Good morning. Welcome to day 3 of Extreme. If you're only reading this in RSS, or in one of those browsers/aggregators that can't handle the full panoply of correct RSS <Cough>Planet XMLHack</Cough>, <Cough>Artima</Cough>, you're missing a lot. Come visit the site. And to answer one frequently asked question I'll do a full text feed for this site at such time as someone writes an RSS client that gives a user experience at least equal to a real Web browser. That means at a minimum:
That's not everything, but those are some of the most common problems I've encountered; and I've tried pretty much everything that's out there. If a product satisfies criterion 1 (open source) and is written in a language and on top of a toolkit I'm comfortable with and gets pretty close these requirements, I'd even dedicate some time to filling in the last holes. Sage is probably the closest I've come to what I want, but it's not quite there yet; and I really don't have any experience hacking on XUL. I did submit one patch to fix its font size problems, but the remaining missing features exceed my ability to fix in the time I have available.

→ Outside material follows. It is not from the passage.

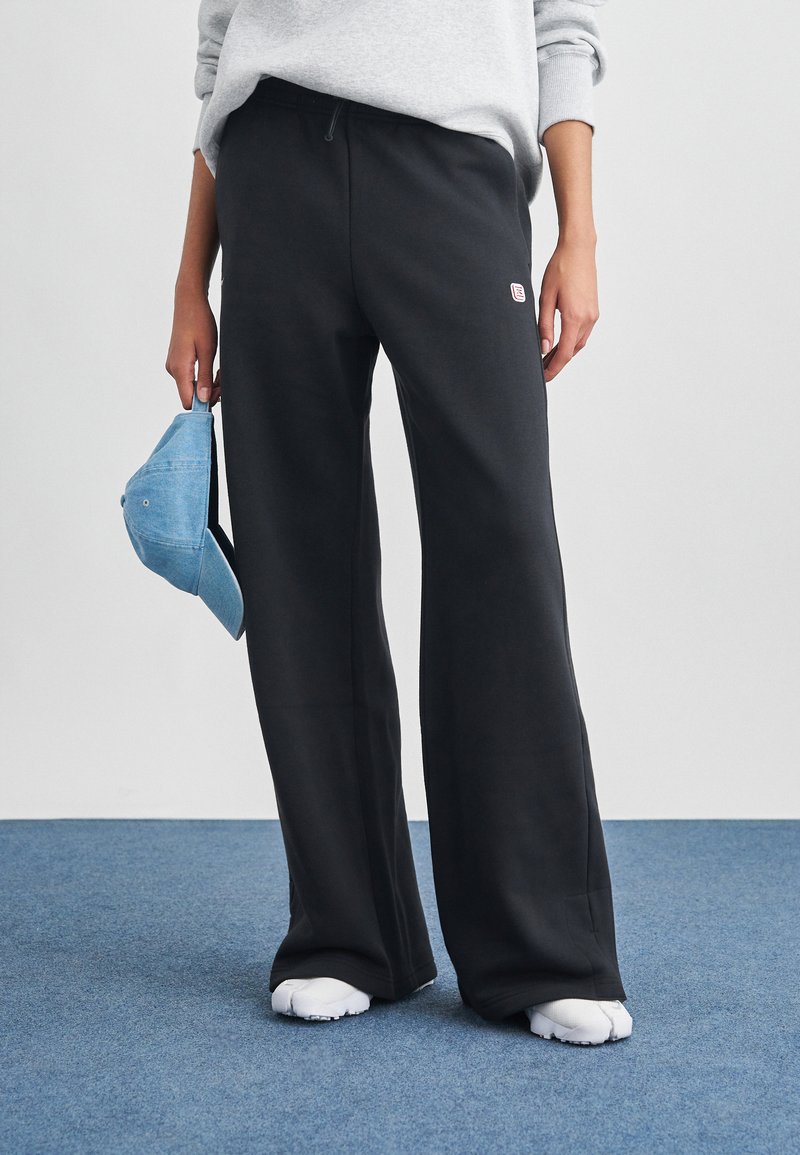 Černé tepláky s volnějším střihem, elastickým pasem a malým logem. Doplněné světle modrou čepicí drženou v levé ruce.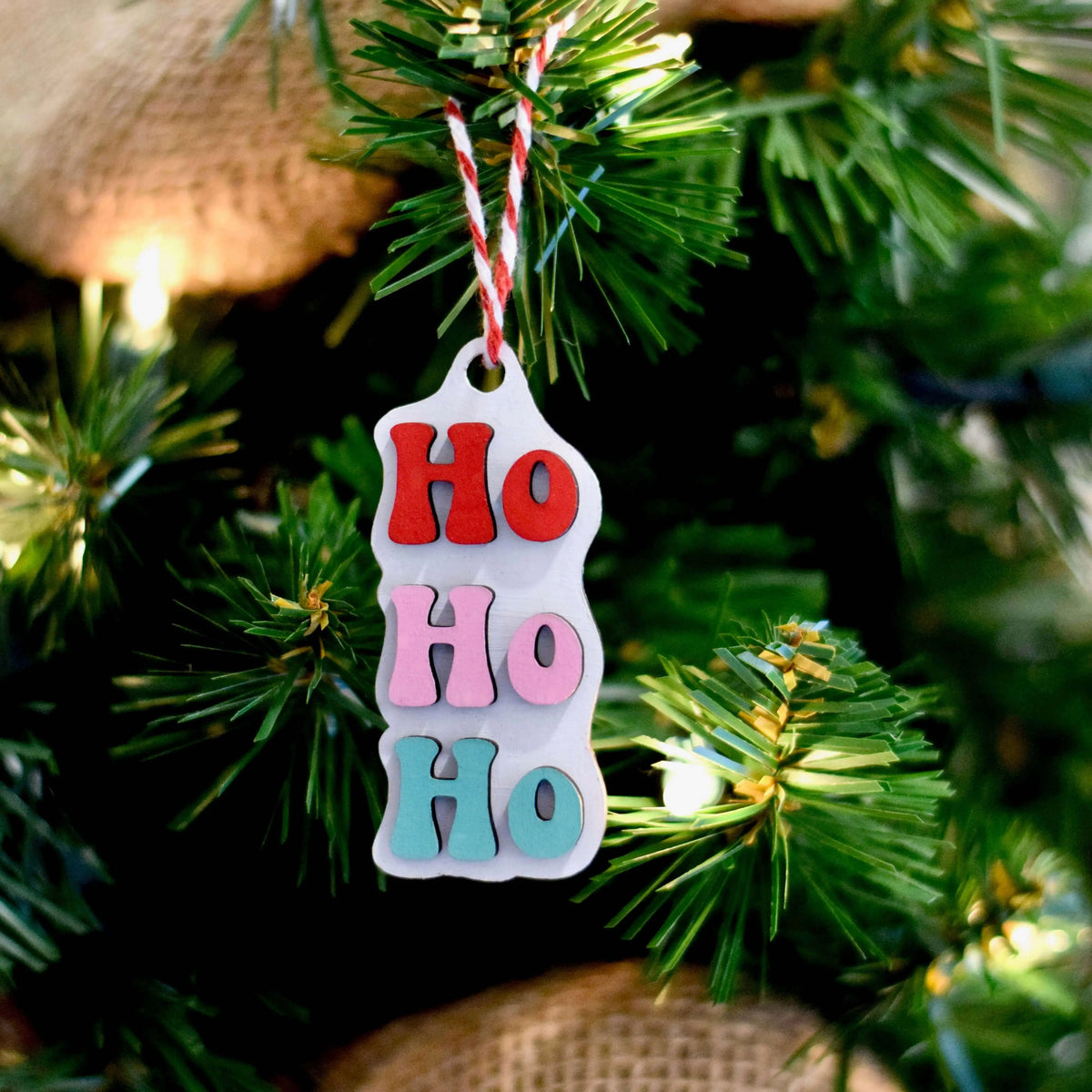 Wood engraved HoHoHo ornament from Winks Design Studio, LLC featuring festive holiday lettering and intricate design.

I don't have any particular reason to prefer HTML to Atom/RSS for this site. There aren't any ads, and I rarely bother to look at my traffic stats; but I'm not going to put any effort into creating full-content feeds until there's a browser that can handle it.
This morning starts with two sessions on overlap, a perennial favorite topic here at Extreme. In fact, a brief comment I made here on Tuesday while listening to the keynotes elicited a rather lengthy explanation from one of the conference co-chairs on the conference Wiki.
This is the topic that justifies calling this conference Extreme Markup instead of Extreme XML. The overlap problem arises when things don't fit neatly into trees. For instance, suppose a quotation spans several paragraphs but begins and ends in the middle of two different paragraphs. How do you handle that? There are a number of approaches, none of them really satisfying. I wrote a little about this in Effective XML, but everything suggested there was really just a hack. One common approach is to use empty-element tags as pseudo-start and end-tags connected by attributes as in this example adapted from Syd Bauman's talk this morning:
<line>And I said to him, <quote startID="q2"/>Superman, have you not seen,</line> <line>The embarrassment havoc I'm wreaking?<quote endID="q2"/></line>
The bottom line is that overlap is just not something XML is designed to support. Really handling overlap requires a different markup language. One popular choice is Wendell Piez and Jeni Tennison's LMNL (pronounced "liminal") which stands for "Layered Markup and Annotation Language." Jeni isn't here this year, but Paul Caton is and will be talking about LMNL in the second session this morning.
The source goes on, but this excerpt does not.